More States Moving to Keep Daylight Saving Time Permanent

Plus, DST is NOT for Farmers!

By Catherine Boeckmann
September 25, 2020
Clock in Grass

As of this writing, 39 states have proposed legistation and nine states have enacted legislation to call for keeping daylight saving time year-round. Is it time to scrap this practice? Learn more about the myths of DST (it’s NOT for farmers), the latest news on states’ efforts, and weigh in with your thoughts!

It’s a popular myth that Daylight Saving Time exists for farmers. This practice—which only became regular in 1966, suprisingly enough—was actually challenged by farmers and is being increasingly challenged by modern society.

Daylight Saving Time in the 1970s

When I grew up in the 1970s, Daylight Saving Time (DST) seemed popular.
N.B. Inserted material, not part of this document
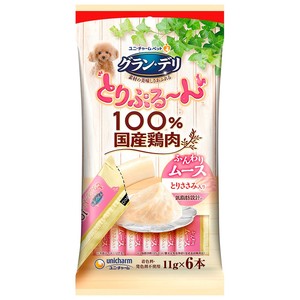 [ユニ･チャーム]グラン･デリとりぷるーんムースとりささみ11g×6本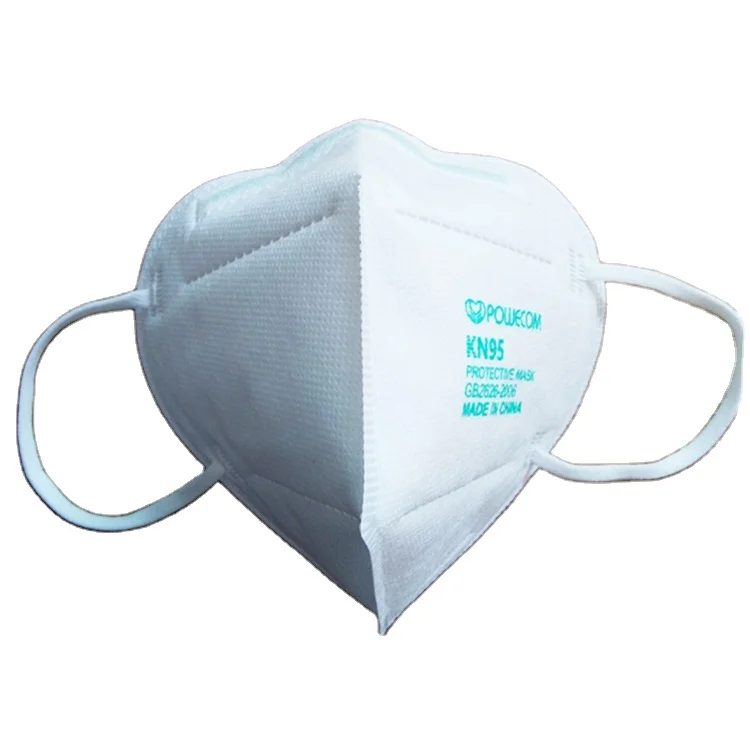 
1 powecom kn95 Mouth Masks KN95 Face Mask Powecom Stock Factory Price Anti-fog Folding GB2626-2006 EUA White List NON-WOVEN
The government and schools seemed to promote it as a positive and beneficial force. When the clocks moved forward an hour in March, my mother would get a grumpy me out of bed and say, “Look! All you kids have more time after school to play outside!” (Yes, there was a time when more kids played outside.)

Interestingly, DST wasn’t a regular “thing” until April 12, 1966, when President Lyndon B. Johnson signed it into law. The Uniform Time Act established a system of uniform (within each time zone) Daylight Saving Time throughout the U.S. and its territories. States were allowed to opt out (and some did).

Before then, DST was briefly used during World War I and World War II to conserve fuel. It was used again for this purpose for a short while during the oil crisis of the early 1970’s under Nixon. (Read more about the checkered history of Daylight Saving Time.)

Photo credit: Billion Photos/Shutterstock

Daylight Saving is NOT for Farmers

Despite the popular belief that Daylight Saving was a convenience created for farmers, DST has nothing to do with farming. In fact, farmers have often been the strongest lobby against the change. Farmers didn’t like DST when it was first introduced and most don’t like it to this day.

During the first World War I experiment in 1918, farmers were extremely opposed to having to turn back and forward their clocks. Not surprisingly, it disrupted their schedules and made it more difficult to get the most out of hired help.

Imagine telling a dairy cow used to being milked at 5 a.m. that their milking time needs to move back an hour before the milk truck is coming to do a pickup. For the farmer—and the plants and animals—it’s the sun and the seasons that determine the best times to do things.

After the war ended in 1918, the DST law (which lasted 7 months) proved so unpopular with our agrarian society, the federal law was repealed (in 1919). Some state and localities continued the observance, however.

During another war, World War II, “War Time” was enforced by President Franklin D. Roosevelt which introduced year-round Daylight Saving Time from February 9, 1942, to September 30, 1945. 

From 1945 to 1966, observance of DST was quite inconsistent across U.S. states. There were no uniform rules. This caused massive confusion with the transportation industry and the broadcasting industry, which pushed for standardization. The farmers, however, were still opposed to it.

To address this confusion, the Uniform Time Act was established in 1966.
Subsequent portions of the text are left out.